### [Information]

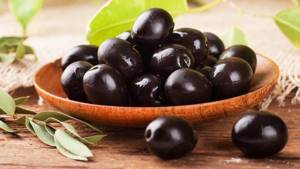 Is it possible to eat olives on a diet?
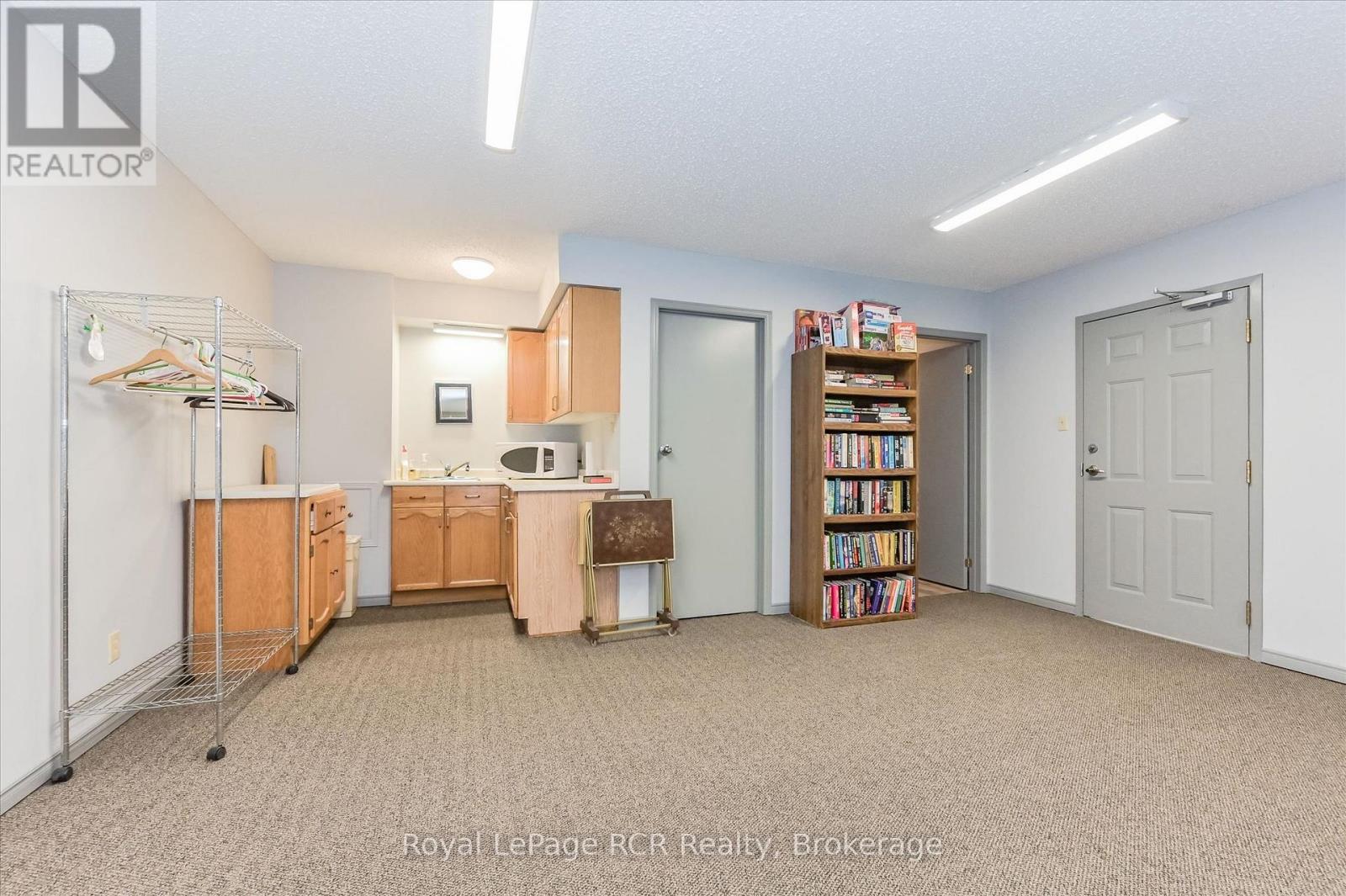#205 440 DURHAM STREET W - 36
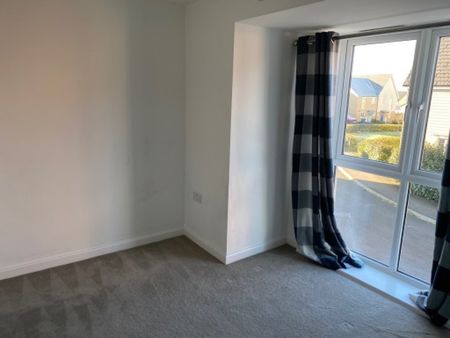 Spitfire Road, Upper Cambourne, Cambridge - Photo 4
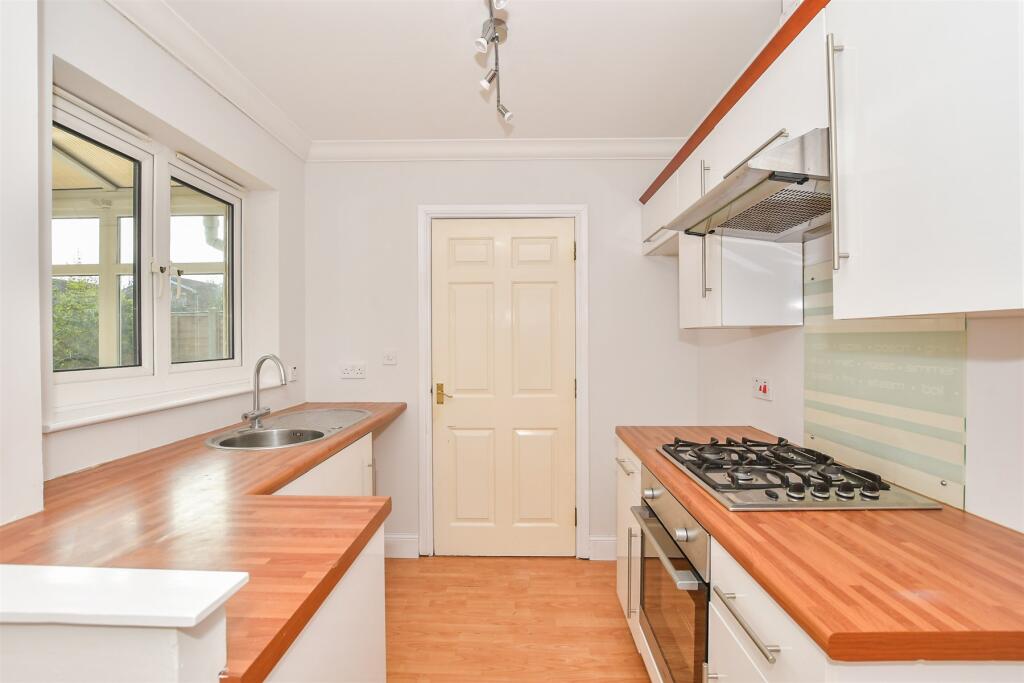 Kitchen/ Dining Area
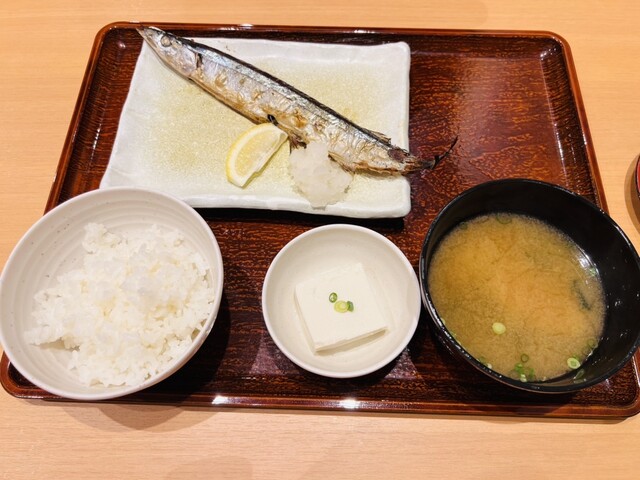 Yayoi Ken Sakae Yon Chome Ten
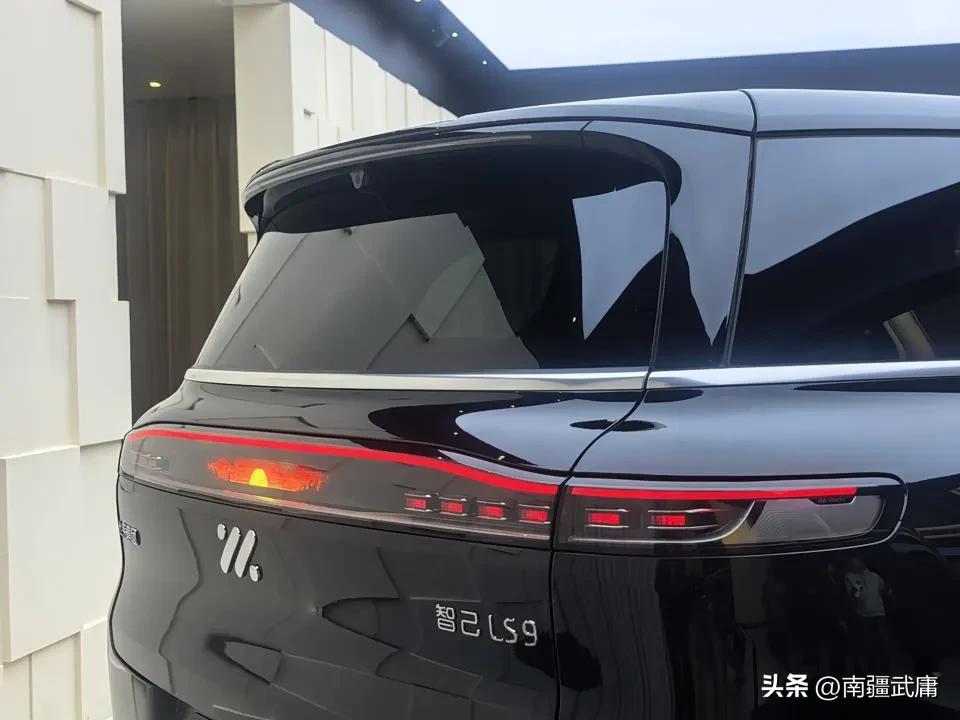 为什么现在越来越多车企，不管新势力还是老牌大厂，都优先选用宁德时代电池？答案很简
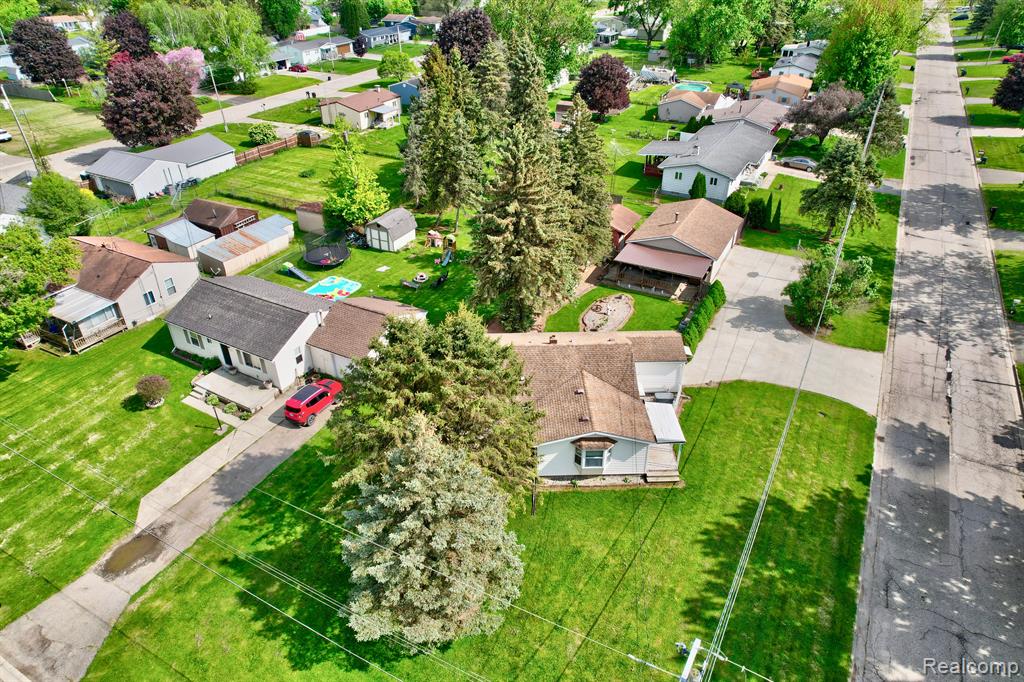 6154 Roberta Street, Burton, MI 48509 — Photo 49
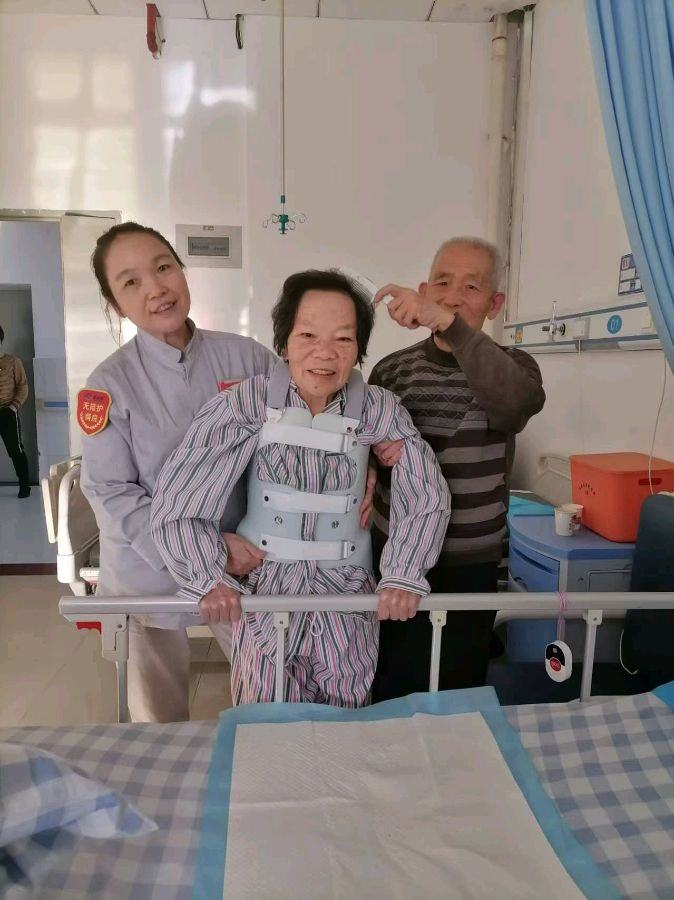 无陪护病房护工赞～诗||雅轩琴韵（图19）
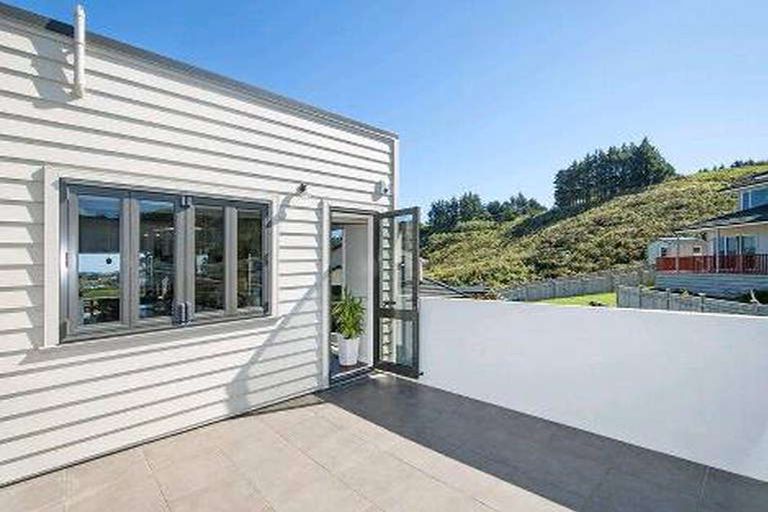 Photo of property in 47 Arahiwi Grove, Tirohanga, Lower Hutt, 5010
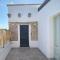 2 bedrooms house at Torre Pali 700 m away from the beach with sea view furnished garden and wifi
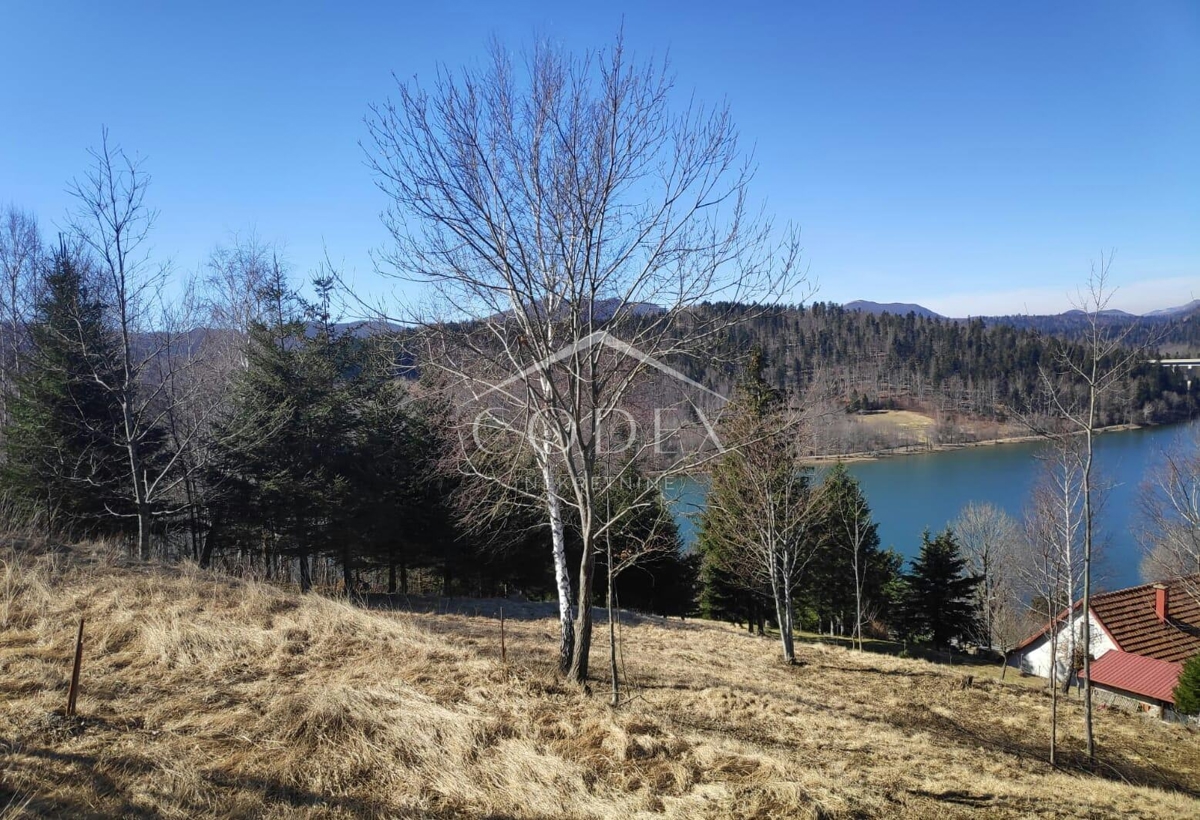 Fužine – Čudovito gradbeno zemljišče ob jezeru Bajer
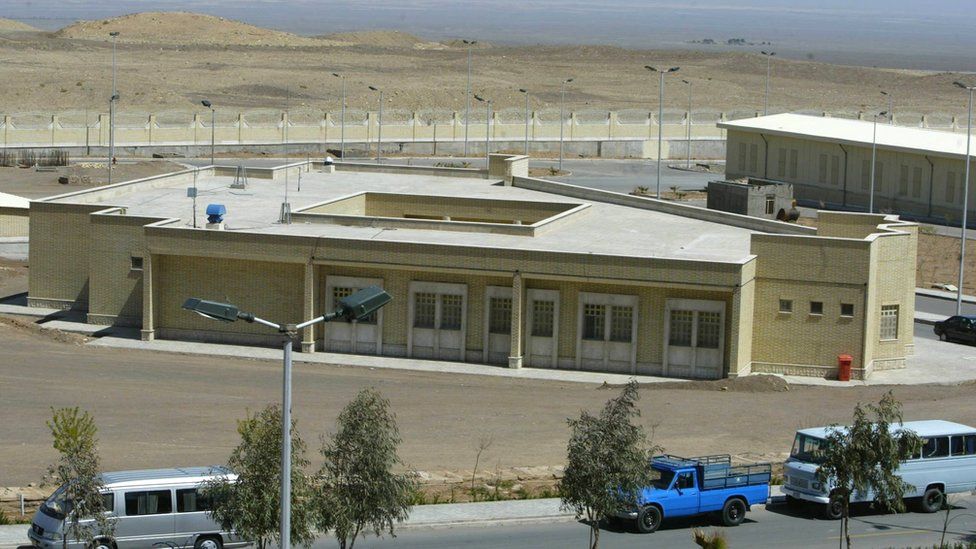 File photo showing the Iranian uranium enrichment facility at Natanz (30 March 2005)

### [Problem statement]
Every line from the one holding "Spitfire Road, Upper" through the last line of the entries above, and nothing else, is to be restated word for word. Pictures stay out.

### [The completed task]
 Spitfire Road, Upper Cambourne, Cambridge - Photo 4
 Kitchen/ Dining Area
 Yayoi Ken Sakae Yon Chome Ten
 为什么现在越来越多车企，不管新势力还是老牌大厂，都优先选用宁德时代电池？答案很简
 6154 Roberta Street, Burton, MI 48509 — Photo 49
 无陪护病房护工赞～诗||雅轩琴韵（图19）
 Photo of property in 47 Arahiwi Grove, Tirohanga, Lower Hutt, 5010
 2 bedrooms house at Torre Pali 700 m away from the beach with sea view furnished garden and wifi
 Fužine – Čudovito gradbeno zemljišče ob jezeru Bajer
 File photo showing the Iranian uranium enrichment facility at Natanz (30 March 2005)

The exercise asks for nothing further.